**WORK TO BE COMPLETED**
Return every line of the entries that includes the word "Steel".

**AVAILABLE DATA**
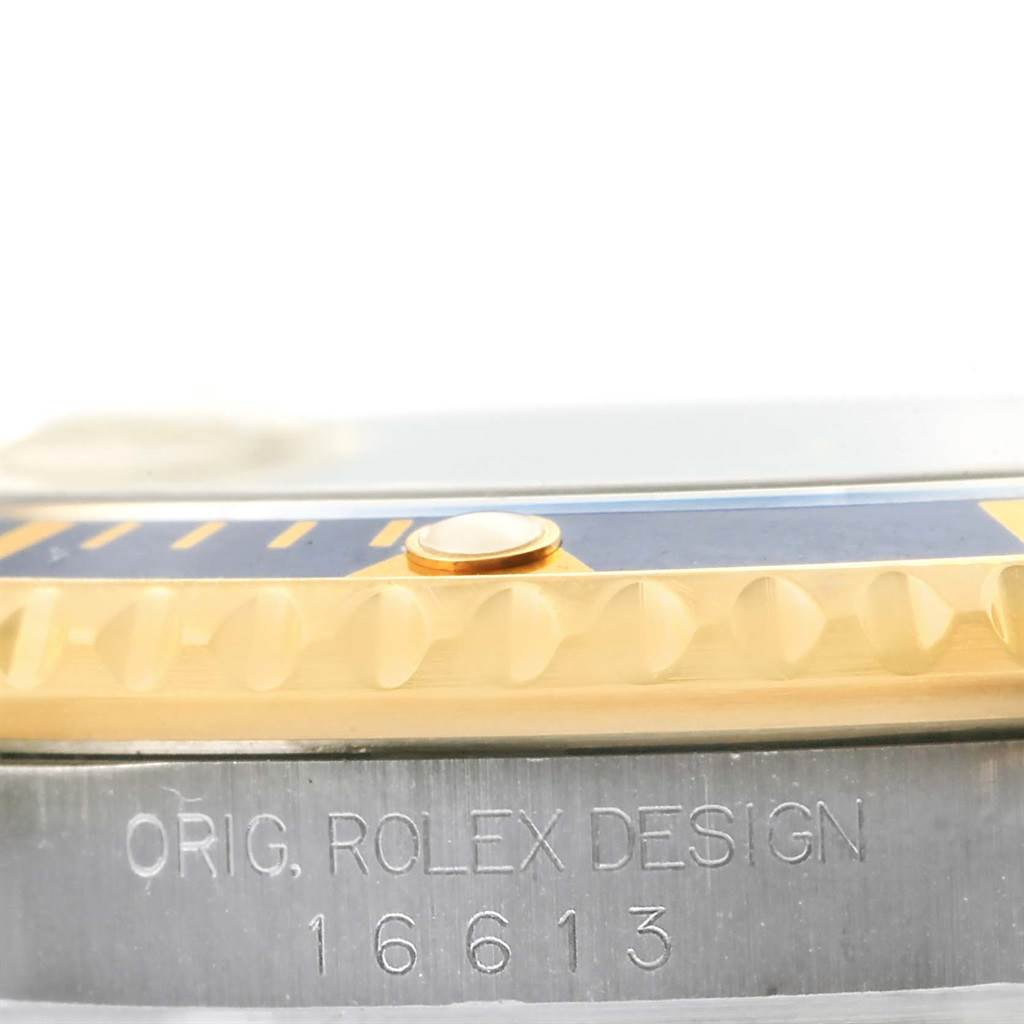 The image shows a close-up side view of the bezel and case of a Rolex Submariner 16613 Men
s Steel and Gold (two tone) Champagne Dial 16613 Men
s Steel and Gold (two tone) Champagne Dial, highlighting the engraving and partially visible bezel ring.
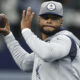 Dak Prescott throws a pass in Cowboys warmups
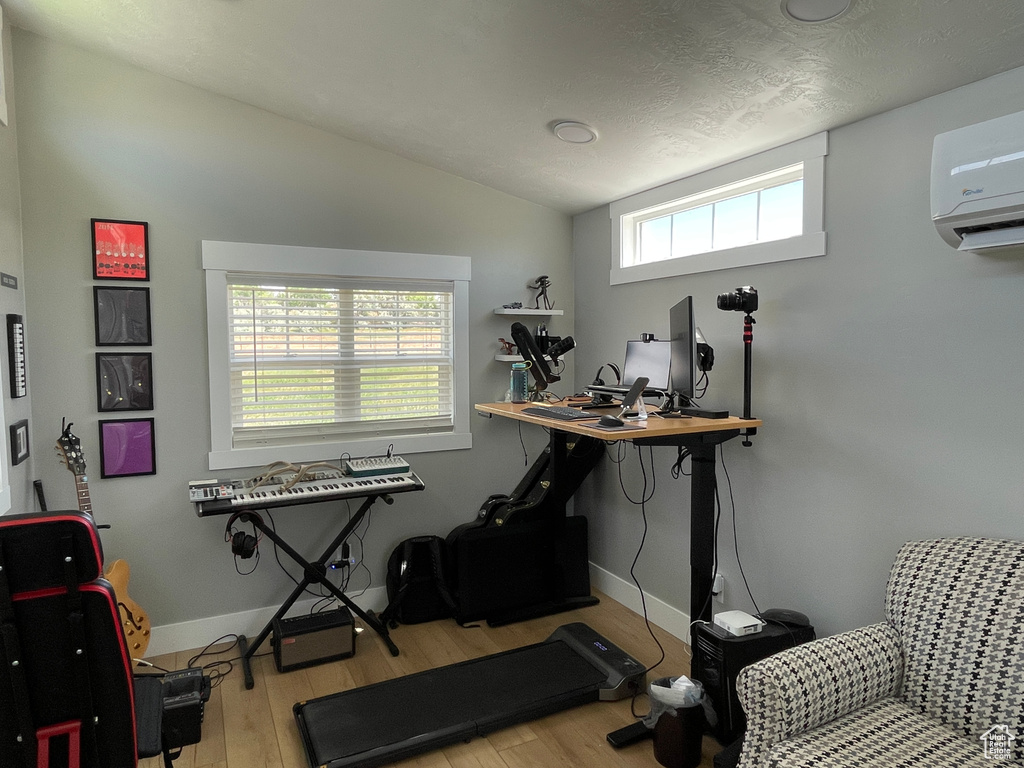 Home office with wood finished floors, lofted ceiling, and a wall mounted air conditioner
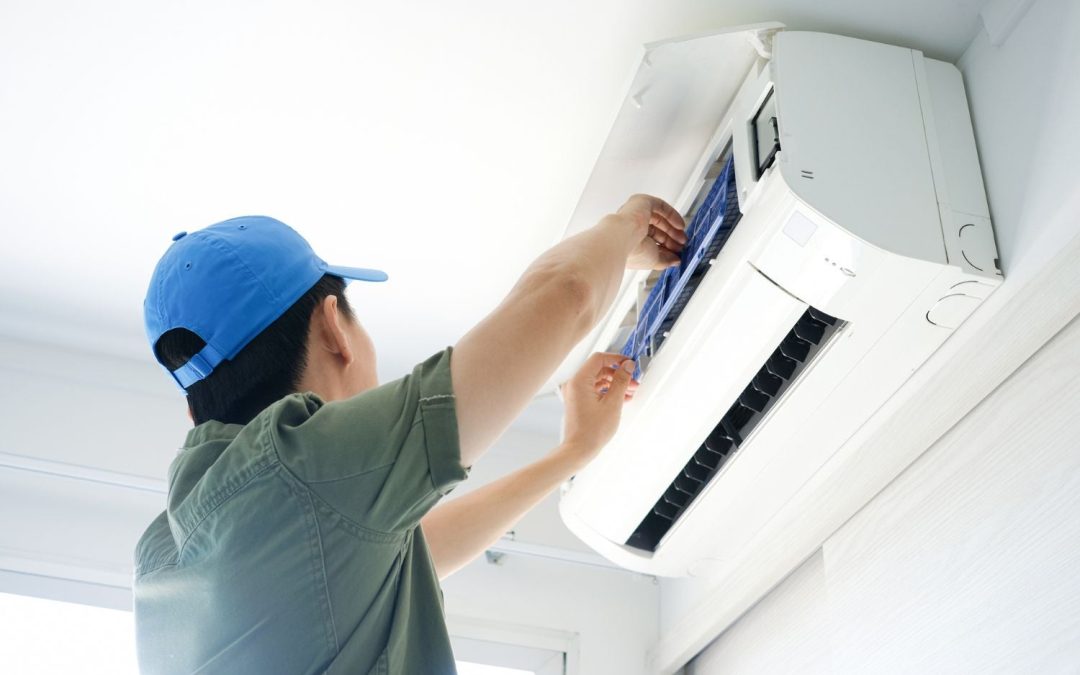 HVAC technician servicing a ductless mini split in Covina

---

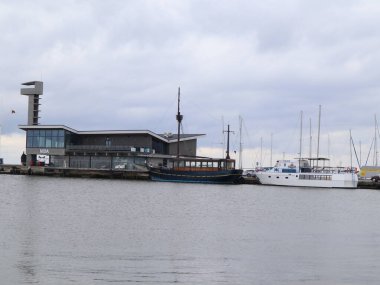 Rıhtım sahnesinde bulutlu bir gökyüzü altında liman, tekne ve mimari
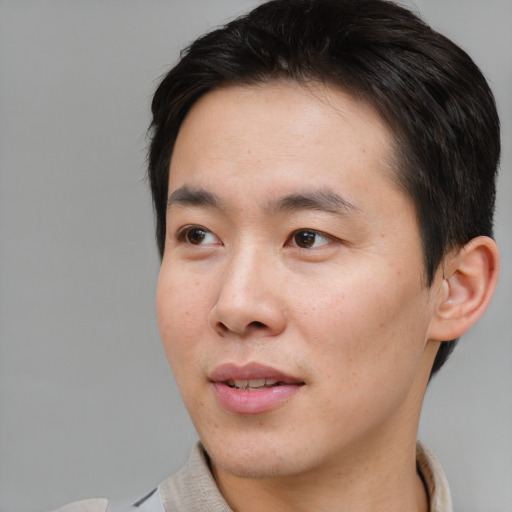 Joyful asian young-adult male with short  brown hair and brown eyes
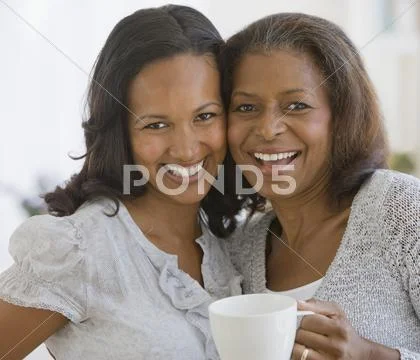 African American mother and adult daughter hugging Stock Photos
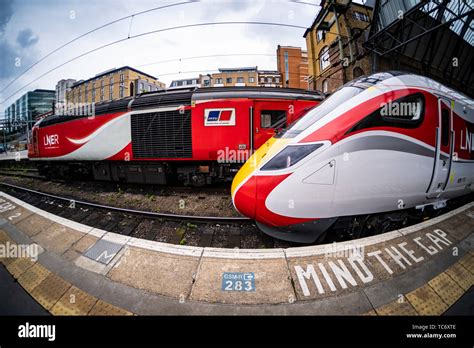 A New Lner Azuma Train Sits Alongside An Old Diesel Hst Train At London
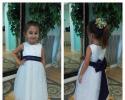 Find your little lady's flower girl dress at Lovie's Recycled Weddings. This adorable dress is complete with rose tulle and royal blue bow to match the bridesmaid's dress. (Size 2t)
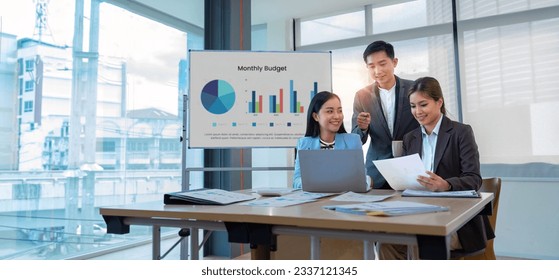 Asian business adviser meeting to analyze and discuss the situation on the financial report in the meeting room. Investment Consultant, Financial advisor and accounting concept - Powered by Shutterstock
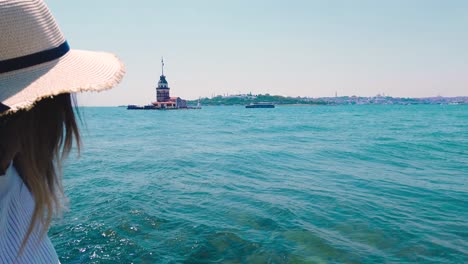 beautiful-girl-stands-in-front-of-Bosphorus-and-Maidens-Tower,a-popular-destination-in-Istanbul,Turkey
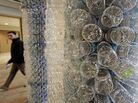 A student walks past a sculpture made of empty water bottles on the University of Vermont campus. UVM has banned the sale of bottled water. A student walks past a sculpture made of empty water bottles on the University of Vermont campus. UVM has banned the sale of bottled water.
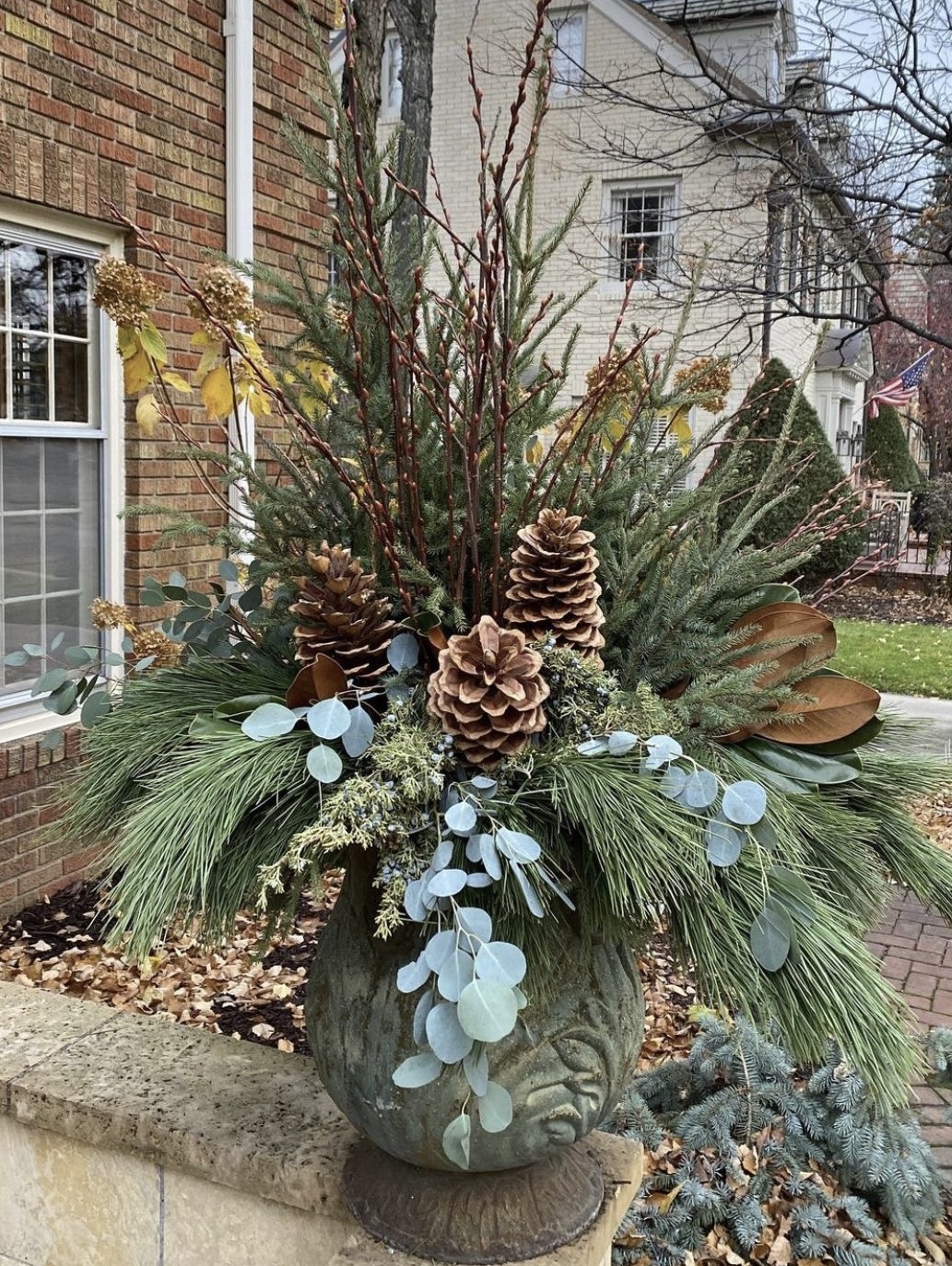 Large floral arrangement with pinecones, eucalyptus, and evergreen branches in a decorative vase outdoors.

---

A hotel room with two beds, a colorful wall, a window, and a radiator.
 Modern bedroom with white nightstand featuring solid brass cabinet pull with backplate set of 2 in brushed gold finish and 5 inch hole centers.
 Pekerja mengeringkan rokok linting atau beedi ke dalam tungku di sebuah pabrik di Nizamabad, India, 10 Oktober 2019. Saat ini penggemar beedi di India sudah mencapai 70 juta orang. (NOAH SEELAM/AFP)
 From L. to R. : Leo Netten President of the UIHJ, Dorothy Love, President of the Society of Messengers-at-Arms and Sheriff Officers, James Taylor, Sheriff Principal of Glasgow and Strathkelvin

**REPLY TO THE TASK**
s Steel and Gold (two tone) Champagne Dial 16613 Men
s Steel and Gold (two tone) Champagne Dial, highlighting the engraving and partially visible bezel ring.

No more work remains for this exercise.